Читаем Охота на рыжего дьявола. Роман с микробиологами полностью

История Акиры Ватанабе, записанная на магнитофоне (для учительницы), напечатанная на компьютере, розданная каждому из нас и прочитанная молодым японским математиком вслух, была необычной, короткой и трагической. Она была даже слишком короткой, чтобы вполне соответствовать жанру true story. Скорее, это была краткая исповедь. Акира назвал свою true story «Как и почему я навсегда ушел из дома». Начал он примерно с такой фразы: «В двадцатидвухлетнем возрасте я окончательно осознал, что не люблю ни мать, ни сестру. И ненавижу отца. Я не мог больше оставаться с ними в одном доме. И ушел навсегда. Вот почему…» Акира родился нежеланным ребенком в семье, принадлежавшей к старинному самурайскому роду. Все мальчики в их роду сызмальства готовились к военной службе. Это было единственное достойное занятие для мужчины-самурая. Война закончилась поражением Японии. Нечего было и мечтать о военной карьере. А если это так, зачем рождаться сыну, думал отец Акиры, поглядывая на беременную жену. Назло, вопреки желанию отца родился мальчик. Отец не обращал на него внимания. Старшая сестра никогда не играла с Акирой, а мать наполняла его мисочку последней.

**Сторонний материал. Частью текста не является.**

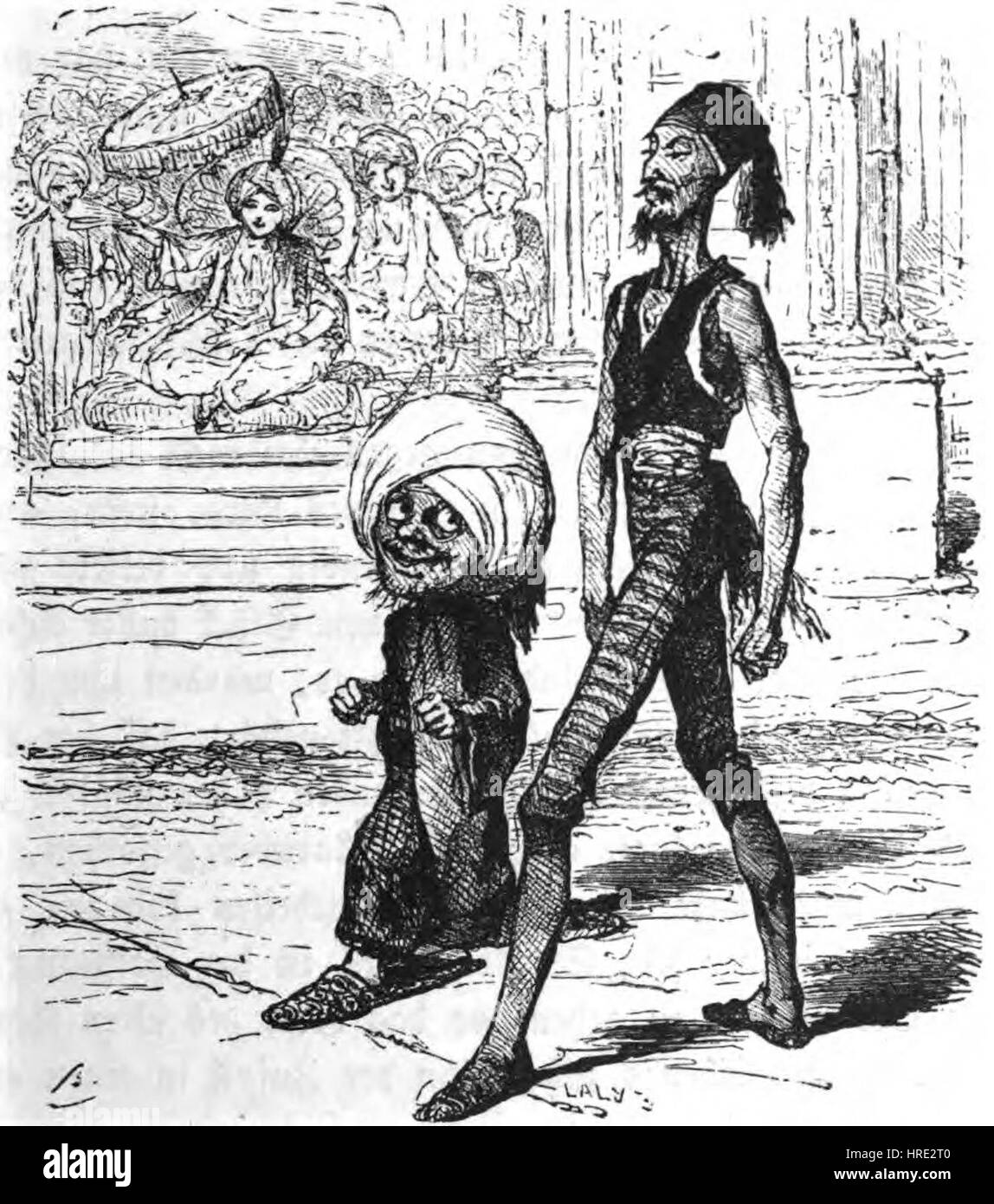 "Mucks Wettlauf" di Bertall è un'illustrazione umoristica e stravagante che raffigura una razza tra due personaggi, usando espressioni esagerate e movimenti dinamici. L'opera mostra il talento di Bertall per la caricatura e l'umorismo satirico. Foto Stock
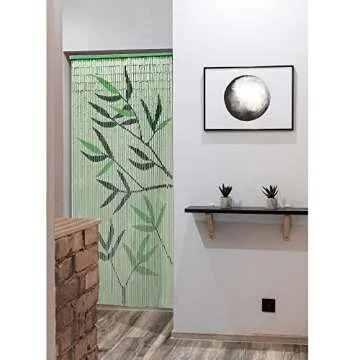EVIDECO French Home Goods Bamboo Beaded Door Curtain 90 Strings 79" H x 36" W Leaves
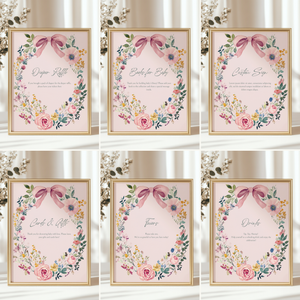 Baby Shower Table Sign Bundle - Blush Pink Baby In Bloom Vintage Floral Bow BS71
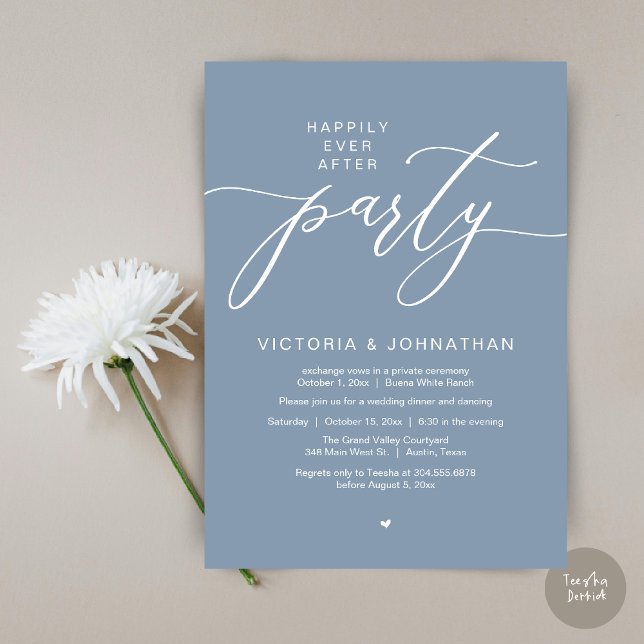 Happily Ever After Party Wedding Elopement Dinner Invitation (Romantic Happily Ever After Party Modern Wedding Elopement Dinner Invitation Card PDF Dusty Blue)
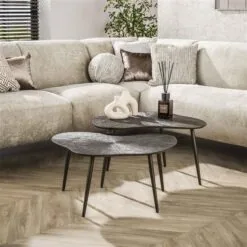 Russell Salontafel set van 2 leaf Brons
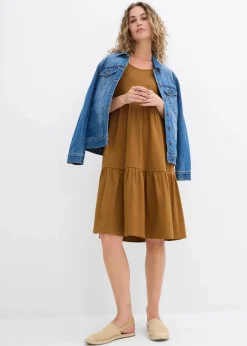 bonprix Nachhaltigere Materialien|Kleider^Jerseykleid aus reiner Baumwolle cognac braun
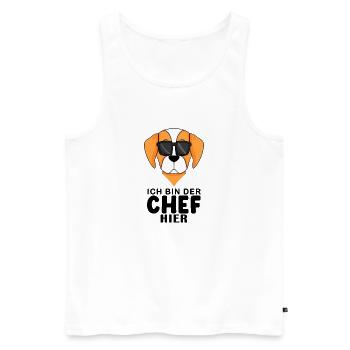 Cooler Hund Epagneul Breton Chef Spruch - Männer Premium Bio Tank Top - Weiß - Vorne - Michal (187cm)
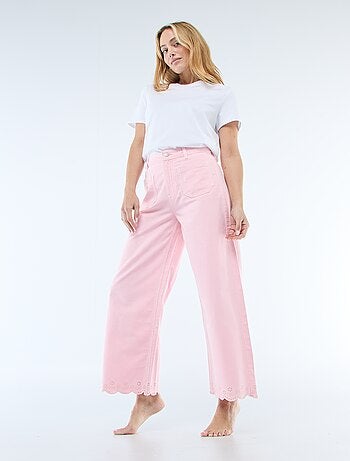 Wide leg broek met opgestikte zakken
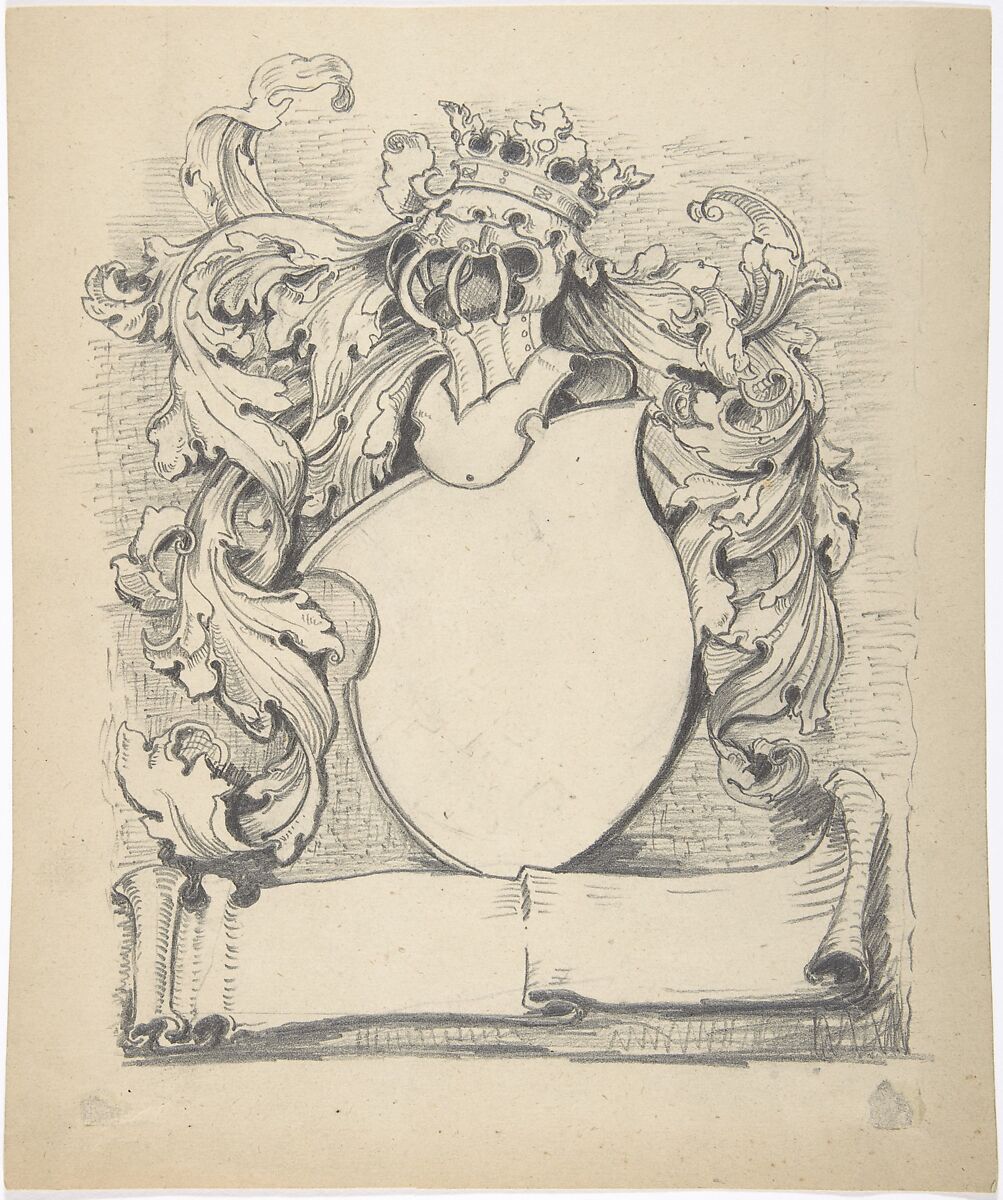 Design for an Armorial Escutcheon, Anonymous, British, 19th century, Graphite 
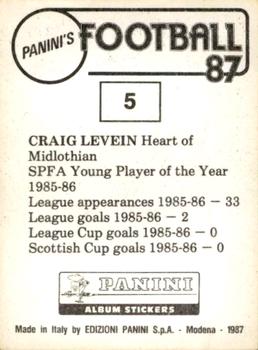 1986-87 Panini Football 87 (UK) #5 Craig Levein Back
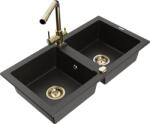 Mexen Mario chiuvetă de granit cu 2 compartimente cu baterie de bucătărie Duero, negru/auriu metalizat - 6504-75-671600-50 (6504-75-671600-50)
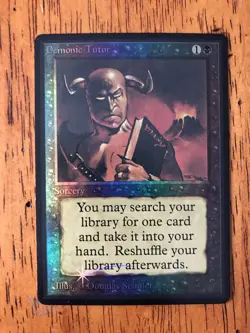 Mtg - Demonic Tutor - Beta - Foil - Legacy - Restricted - Vintage - WATCH VIDEO - Image 1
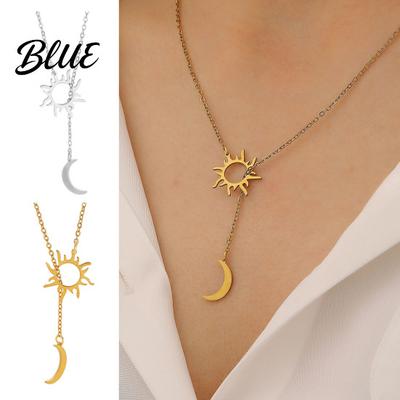 Retro Necklace Sun And Moon for Women Plated Y Romantic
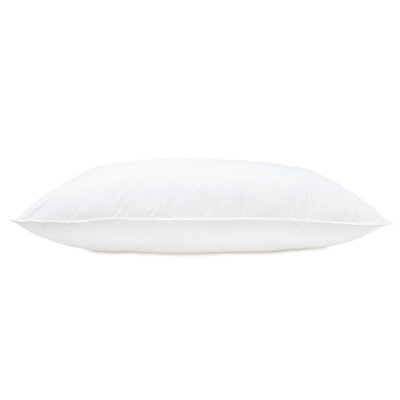 Lancashire Textiles Cotton Pillow Pack Of 2White Piping EdgeHollowfibre Filled Medium Firmness And Support Bed Cushion from B&Q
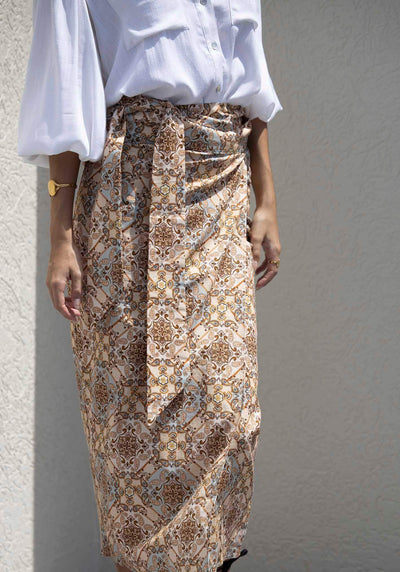 Alexandra Scarf Print Midi Wrap Skirt + Sydney White Linen Blouse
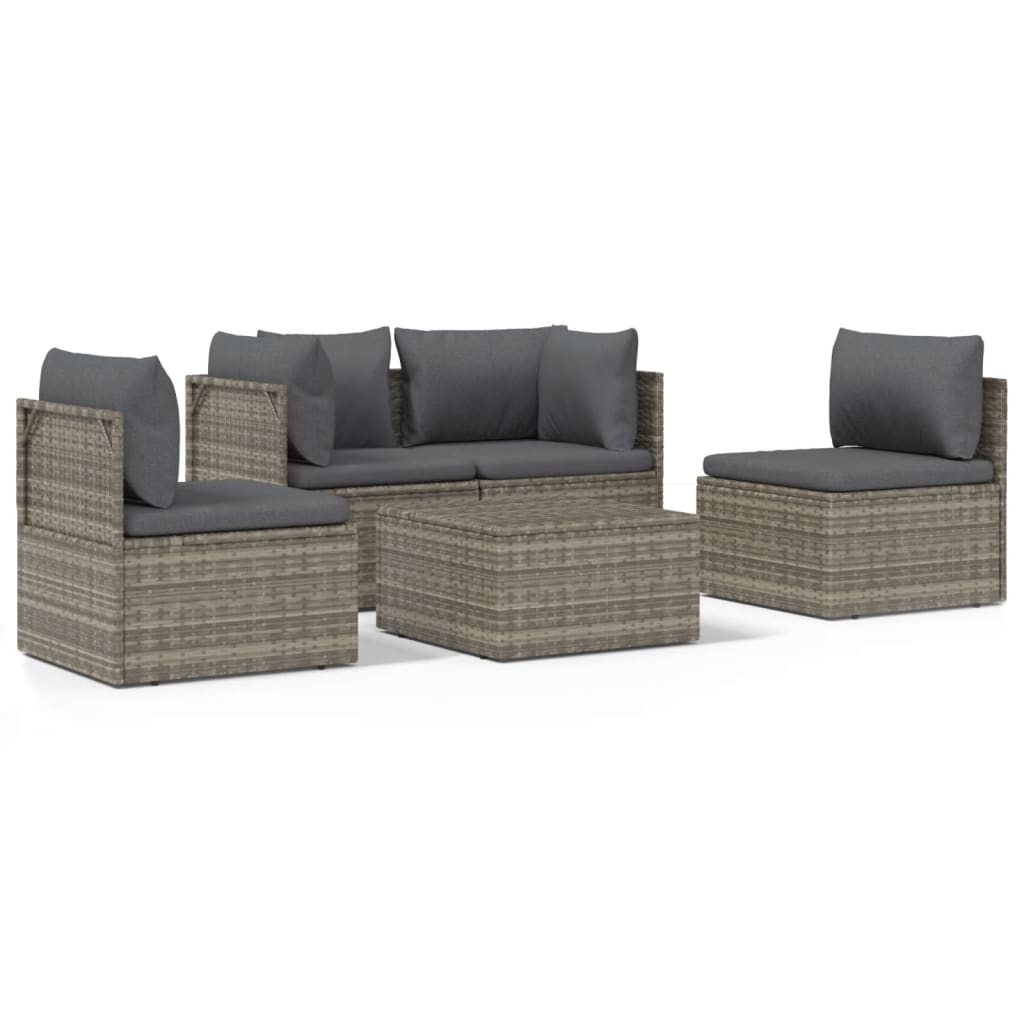 Salotto da Giardino Modulare in Rattan PE Grigio, 5 Pezzi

Так повелось с младенчества, протянулось через детство, дошло до последних классов школы и перекинулось на студенческие годы в колледже. Акира приходил домой после занятий. Никто не обращал на него внимания, не спрашивал, как дела, что нового или, в конце концов, не промок ли он под проливным дождем? Не продрог ли от студеного океанского ветра? Не проголодался ли за долгий день в колледже? Отец читал газету. Мать стряпала. Сестра собиралась к подруге на вечеринку. Акира разогревал еду. Кормил золотых рыбок в аквариуме. Смотрел, что попадется (лишь бы сбросить бремя одиночества!), по телевизору. Шел заниматься в свою комнату. Он закончил колледж. Его приняли в аспирантуру в Киотский университет. Осенью перед отъездом в Киото он попрощался с родителями и сестрой, сказав им, что уезжает навсегда.

Была весна. Конец апреля. Вокруг университетских строений цвели вишни. Мы договорились с Акирой выпить по чашке кофе. «Дерево цветущей вишни — это символ жизни мужчины. Обрубленные ветки вишни — смерть мужчины. Как харакири. Знаете, самураи были военной аристократией Японии. Замки их были окружены цветущими вишнями», — сказал Акира. Я пошутил: «Чеховский „Вишневый сад“». «О, это сущая правда! — воскликнул Акира. — Японцы любят Чехова».

Я проводил Акиру до кафедры математики. Мы обменялись визитными карточками. Договорились звонить друг другу. Наши занятия кончились. «Вы пойдете на прощальную вечеринку к Маргарет?» — спросил меня Акира. «Да, конечно, если не…», — ответил я неуверенно. Я не люблю прощаться. Стал сентиментален, что ли? Или так много прощаний — провожаний за спиной, что с некоторых пор предпочитаю уходить, не оглядываясь и не затягивая горькие минуты. Как от еврейской могилы — уйти без оглядки. «Приходите, поболтаем о дрейфах человеческих генов», — настаивал Акира. Я сдался: «Что с вами поделаешь, приду!» «А как вы думаете, Маргарет позовет этого Мишеля?» — вдруг спросил Акира. «Мишеля? Ах, да! Понятия не имею». Я совершенно забыл про этого мифического Мишеля, с которым нежно перезванивалась Маргарет. Вернее, меня он совершенно не интересовал. Акира думал о нем.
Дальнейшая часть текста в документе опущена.